Every line from the beginning of the records below up to the one holding "Vintage Braided Anchors" should be quoted exactly; leave out the rest.
-- RECORDS SUPPLIED follows --
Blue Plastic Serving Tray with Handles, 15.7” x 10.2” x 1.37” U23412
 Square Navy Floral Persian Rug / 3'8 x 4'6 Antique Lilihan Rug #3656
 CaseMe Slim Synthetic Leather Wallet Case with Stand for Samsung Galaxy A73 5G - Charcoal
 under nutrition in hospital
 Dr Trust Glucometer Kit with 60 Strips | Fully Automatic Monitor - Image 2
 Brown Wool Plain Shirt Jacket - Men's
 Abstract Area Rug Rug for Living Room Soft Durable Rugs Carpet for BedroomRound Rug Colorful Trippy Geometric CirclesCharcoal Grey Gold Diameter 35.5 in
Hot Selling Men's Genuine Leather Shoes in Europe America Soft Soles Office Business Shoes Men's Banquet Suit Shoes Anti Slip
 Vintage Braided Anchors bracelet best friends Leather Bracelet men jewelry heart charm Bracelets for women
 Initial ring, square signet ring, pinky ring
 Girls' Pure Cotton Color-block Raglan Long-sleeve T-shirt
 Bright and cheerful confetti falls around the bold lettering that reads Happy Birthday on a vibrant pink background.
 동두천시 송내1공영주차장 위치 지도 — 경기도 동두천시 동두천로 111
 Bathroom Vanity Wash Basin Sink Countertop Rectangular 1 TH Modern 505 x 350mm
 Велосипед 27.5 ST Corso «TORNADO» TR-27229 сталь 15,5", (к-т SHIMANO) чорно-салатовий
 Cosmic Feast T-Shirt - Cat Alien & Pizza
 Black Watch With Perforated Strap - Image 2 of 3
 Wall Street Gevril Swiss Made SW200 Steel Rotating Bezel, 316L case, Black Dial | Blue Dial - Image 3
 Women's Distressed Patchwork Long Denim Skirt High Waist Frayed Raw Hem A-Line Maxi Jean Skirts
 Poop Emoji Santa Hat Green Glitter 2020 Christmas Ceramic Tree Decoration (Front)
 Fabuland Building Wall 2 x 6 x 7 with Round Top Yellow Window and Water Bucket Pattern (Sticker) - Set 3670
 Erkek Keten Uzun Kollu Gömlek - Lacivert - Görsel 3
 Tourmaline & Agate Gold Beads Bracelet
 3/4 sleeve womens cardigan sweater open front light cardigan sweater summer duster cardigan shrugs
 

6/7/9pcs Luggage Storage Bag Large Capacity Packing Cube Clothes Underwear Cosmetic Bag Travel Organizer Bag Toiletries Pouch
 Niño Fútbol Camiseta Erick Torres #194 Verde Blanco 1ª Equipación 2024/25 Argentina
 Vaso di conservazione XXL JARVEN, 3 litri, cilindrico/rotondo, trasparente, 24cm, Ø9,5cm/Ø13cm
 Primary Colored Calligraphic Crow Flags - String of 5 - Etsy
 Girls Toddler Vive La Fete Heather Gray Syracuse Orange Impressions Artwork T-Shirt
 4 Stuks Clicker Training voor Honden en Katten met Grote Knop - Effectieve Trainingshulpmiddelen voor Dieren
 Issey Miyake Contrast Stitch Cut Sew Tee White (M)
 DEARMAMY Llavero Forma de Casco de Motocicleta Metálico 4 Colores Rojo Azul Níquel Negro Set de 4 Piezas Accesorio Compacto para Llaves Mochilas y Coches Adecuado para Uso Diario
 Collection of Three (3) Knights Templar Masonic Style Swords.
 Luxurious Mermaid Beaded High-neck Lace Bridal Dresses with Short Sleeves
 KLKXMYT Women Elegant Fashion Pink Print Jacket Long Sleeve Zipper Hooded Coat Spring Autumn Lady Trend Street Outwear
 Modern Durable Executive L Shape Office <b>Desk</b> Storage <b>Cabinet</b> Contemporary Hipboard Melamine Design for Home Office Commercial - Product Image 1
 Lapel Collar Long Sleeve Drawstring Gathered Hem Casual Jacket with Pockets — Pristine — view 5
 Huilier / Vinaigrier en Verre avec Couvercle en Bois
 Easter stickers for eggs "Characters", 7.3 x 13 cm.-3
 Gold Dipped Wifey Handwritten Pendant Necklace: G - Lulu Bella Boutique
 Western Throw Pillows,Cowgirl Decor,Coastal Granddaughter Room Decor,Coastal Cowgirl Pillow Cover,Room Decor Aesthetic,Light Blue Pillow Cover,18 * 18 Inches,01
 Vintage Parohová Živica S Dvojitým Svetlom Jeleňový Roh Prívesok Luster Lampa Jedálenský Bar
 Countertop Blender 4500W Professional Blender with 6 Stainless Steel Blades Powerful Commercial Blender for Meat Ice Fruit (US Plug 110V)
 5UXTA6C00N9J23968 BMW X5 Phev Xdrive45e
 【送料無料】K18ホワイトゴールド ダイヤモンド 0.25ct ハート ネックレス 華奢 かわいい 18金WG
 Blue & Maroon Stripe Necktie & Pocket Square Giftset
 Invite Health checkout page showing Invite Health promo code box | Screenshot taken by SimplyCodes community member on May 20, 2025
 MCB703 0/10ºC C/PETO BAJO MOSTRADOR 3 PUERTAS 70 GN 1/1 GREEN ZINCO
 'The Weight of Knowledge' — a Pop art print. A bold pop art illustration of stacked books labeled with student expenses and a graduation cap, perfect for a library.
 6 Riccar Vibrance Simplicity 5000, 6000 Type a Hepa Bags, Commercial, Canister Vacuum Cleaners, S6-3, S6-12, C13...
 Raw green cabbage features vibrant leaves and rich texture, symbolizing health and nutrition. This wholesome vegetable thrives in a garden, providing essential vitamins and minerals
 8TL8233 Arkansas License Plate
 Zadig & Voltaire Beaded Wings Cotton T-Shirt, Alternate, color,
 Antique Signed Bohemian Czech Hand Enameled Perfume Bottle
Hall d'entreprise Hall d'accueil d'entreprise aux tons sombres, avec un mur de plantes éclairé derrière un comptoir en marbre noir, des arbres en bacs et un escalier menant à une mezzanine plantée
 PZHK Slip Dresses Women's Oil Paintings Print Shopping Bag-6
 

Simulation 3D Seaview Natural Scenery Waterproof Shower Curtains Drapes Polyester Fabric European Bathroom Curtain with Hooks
-- RECORDS SUPPLIED concluded --
# ANSWER FOR THIS EXERCISE:
Blue Plastic Serving Tray with Handles, 15.7” x 10.2” x 1.37” U23412
 Square Navy Floral Persian Rug / 3'8 x 4'6 Antique Lilihan Rug #3656
 CaseMe Slim Synthetic Leather Wallet Case with Stand for Samsung Galaxy A73 5G - Charcoal
 under nutrition in hospital
 Dr Trust Glucometer Kit with 60 Strips | Fully Automatic Monitor - Image 2
 Brown Wool Plain Shirt Jacket - Men's
 Abstract Area Rug Rug for Living Room Soft Durable Rugs Carpet for BedroomRound Rug Colorful Trippy Geometric CirclesCharcoal Grey Gold Diameter 35.5 in
Hot Selling Men's Genuine Leather Shoes in Europe America Soft Soles Office Business Shoes Men's Banquet Suit Shoes Anti Slip
 Vintage Braided Anchors bracelet best friends Leather Bracelet men jewelry heart charm Bracelets for women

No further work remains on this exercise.